Le 'Hassidisme s'est essentiellement exprimé dans de petites histoires et de courtes maximes, parce qu'il se voulait essentiellement populaire et aussi parce qu'il considérait que le judaïsme devait être vécu.
Dans la banalité d'une situation, dans la familiarité d'une formule ou d'une question, dans un quelconque " fait divers ", jaillit ainsi l'étincelle divine, éclate la profonde leçon religieuse, morale ou métaphysique.

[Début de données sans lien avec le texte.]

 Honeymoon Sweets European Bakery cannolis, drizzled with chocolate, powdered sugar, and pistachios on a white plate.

L'histoire 'hassidique n'est pas en général un machal, une parabole, un apologue. Elle est une "tranche de vie" quotidienne, un moment d'une existence, mais d'une existence constamment sanctifiée. Par bien des côtés, elle est fille de la Aggadah talmudique.

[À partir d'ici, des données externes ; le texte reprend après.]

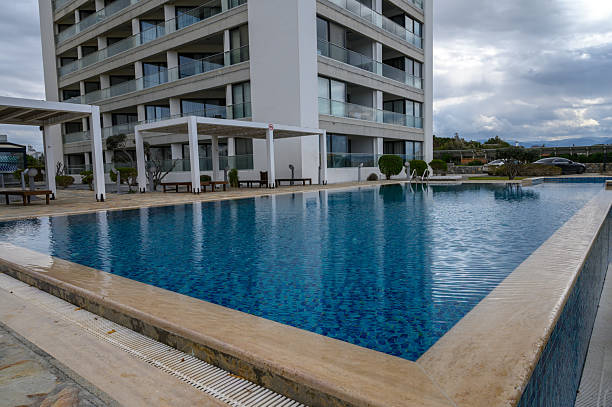 istock Elegant swimming pool surrounded by modern architecture on a cloudy day 2202915581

Dans la banalité d'une situation, dans la familiarité d'une formule ou d'une question, dans un quelconque " fait divers ", jaillit ainsi l'étincelle divine, éclate la profonde leçon religieuse, morale ou métaphysique. Mieux que bien doctes développements, ces histoires souvent très " prosaïques " illustrent et éclairent, de façon parfois fulgurante, quelques uns des plus hauts enseignements du judaïsme. Et que d'Humanité dans leur expression, que de sagesse et de résonnante dans leur concision, quel délicieux humour, aussi, dans certaines de leurs répliques ou de leurs images! Quel brûlant amour de D.ieu, et des hommes, a inspiré ces hommes, qui nous restent si proches, et que nous voyons littéralement vivre devant nous!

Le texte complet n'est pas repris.